Question regarding the concept of target in Boundary

Hi, I’m curious about the concept of target in Boundary. From my understanding, client connects to the target first, and the target can connect with the backend databases or servers, and so on.

The question I have, is the target a logical machine or an actual physical machine?

resource "boundary_target" "redis" {
  type                     = "tcp"
  name                     = "redis"
  description              = "Redis container"
  scope_id                 = boundary_scope.project.id
  session_connection_limit = -1
  session_max_seconds      = 10000
  default_port             = 6379
  host_set_ids = [
    boundary_host_set.redis_containers.id
  ]
}

resource "boundary_target" "postgres" {
  type                     = "tcp"
  name                     = "postgres"
  description              = "Postgres server"
  scope_id                 = boundary_scope.project.id
  session_connection_limit = -1
  session_max_seconds      = 10000
  default_port             = 5432
  host_set_ids = [
    boundary_host_set.postgres_containers.id
  ]
}

From the official example, I found the example as above. However, there aren’t any physical redis or postgresql running, right?

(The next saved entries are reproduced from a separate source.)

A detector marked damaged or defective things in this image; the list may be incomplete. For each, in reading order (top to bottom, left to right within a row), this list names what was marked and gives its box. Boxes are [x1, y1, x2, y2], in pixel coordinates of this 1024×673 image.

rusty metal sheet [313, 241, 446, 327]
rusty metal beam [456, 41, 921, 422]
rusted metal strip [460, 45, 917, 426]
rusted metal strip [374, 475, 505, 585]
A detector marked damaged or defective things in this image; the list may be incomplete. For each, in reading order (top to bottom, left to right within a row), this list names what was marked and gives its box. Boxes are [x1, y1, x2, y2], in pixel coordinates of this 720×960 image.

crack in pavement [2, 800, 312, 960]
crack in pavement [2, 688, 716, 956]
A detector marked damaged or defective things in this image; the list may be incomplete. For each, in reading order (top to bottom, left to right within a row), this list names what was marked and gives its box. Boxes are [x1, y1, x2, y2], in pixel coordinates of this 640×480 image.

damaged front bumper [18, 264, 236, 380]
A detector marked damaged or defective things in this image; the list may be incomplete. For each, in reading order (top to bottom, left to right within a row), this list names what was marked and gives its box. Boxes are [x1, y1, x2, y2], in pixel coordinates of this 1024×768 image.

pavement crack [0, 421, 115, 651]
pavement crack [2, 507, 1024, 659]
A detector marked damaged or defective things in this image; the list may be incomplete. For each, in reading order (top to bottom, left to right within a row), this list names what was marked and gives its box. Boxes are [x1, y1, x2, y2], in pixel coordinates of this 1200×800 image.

From my understanding, if I create boundary_target, a process is spun up inside the boundary, and that process works as a middle role, behavioring similarly to the the bastion host. Is this concept correct?

Correct: workers are proxies to targets. A target can contain many hosts however, which are differentiated by their logical address. So if you wanted to setup a zookeeper cluster behind a target, you can add all hosts associated with that cluster to a target as multiple hosts. You can pass a -host-id flag to the connect command to choose the host you connect to, otherwise it’s randomly selected.